## WORK TO BE COMPLETED
Print the listing as it stands, omitting all images.

## EXERCISE DATA

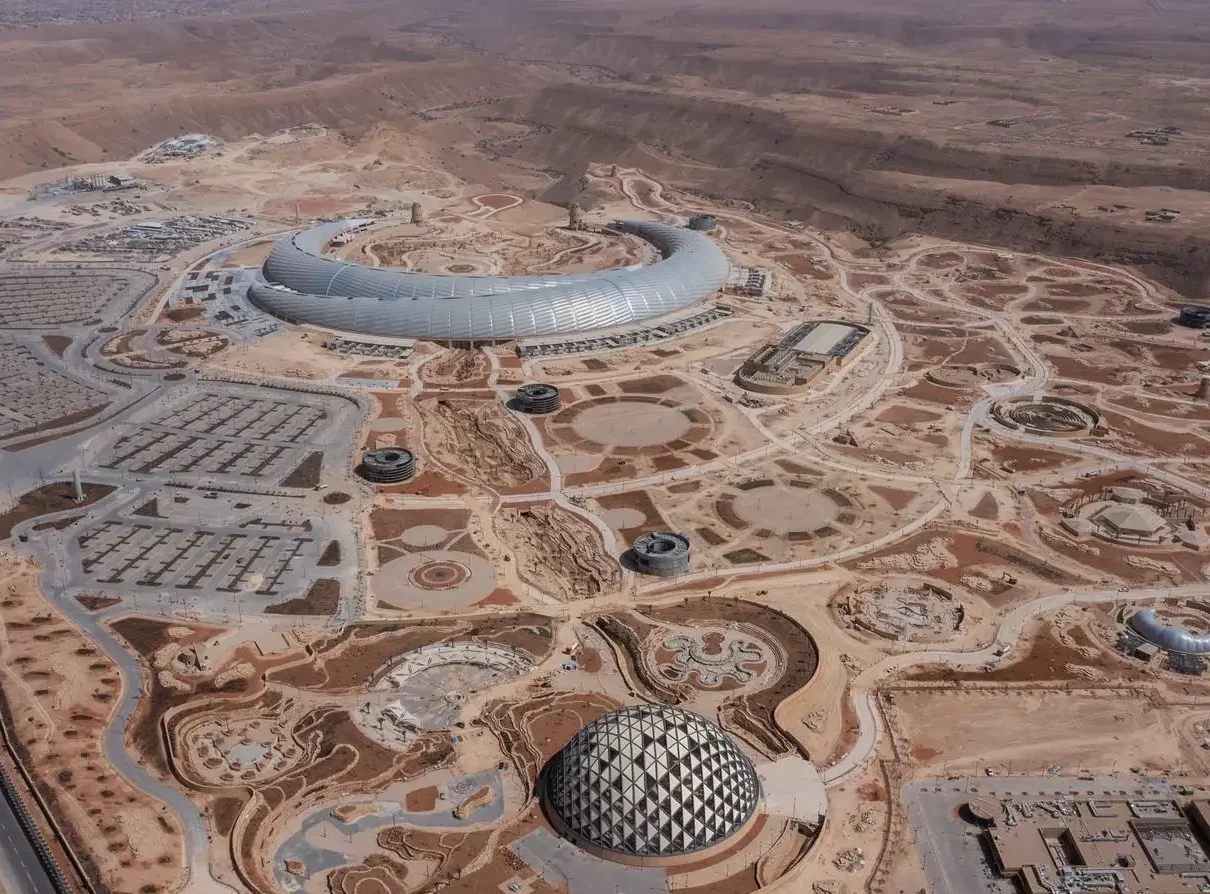 Blue Garden Riyadh Riyadh’s King Abdullah Gardens: A Sustainable Urban Destination - lucire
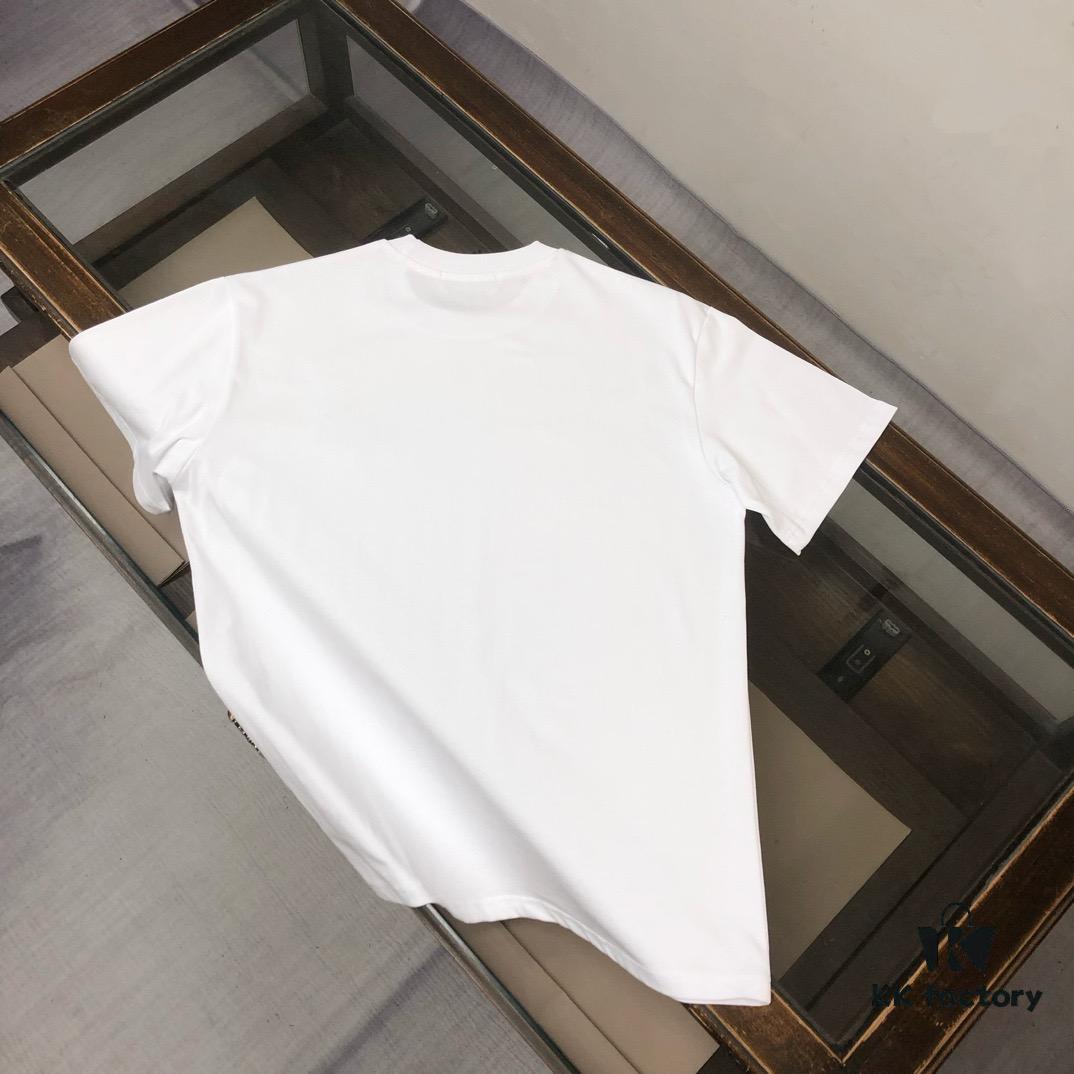 A⭐️Stone Island Latest Couple Round Neck Short-Sleeve T-Shirt - High-Quality Fashionable and Comfortable Unisex Tee with Custom Compass Embroidered Logo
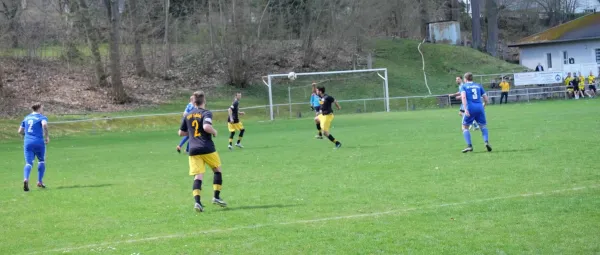 21. Spieltag KOL: FSV Schleiz II - SV Moßbach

## FINAL ANSWER
 Blue Garden Riyadh Riyadh’s King Abdullah Gardens: A Sustainable Urban Destination - lucire
 A⭐️Stone Island Latest Couple Round Neck Short-Sleeve T-Shirt - High-Quality Fashionable and Comfortable Unisex Tee with Custom Compass Embroidered Logo
 21. Spieltag KOL: FSV Schleiz II - SV Moßbach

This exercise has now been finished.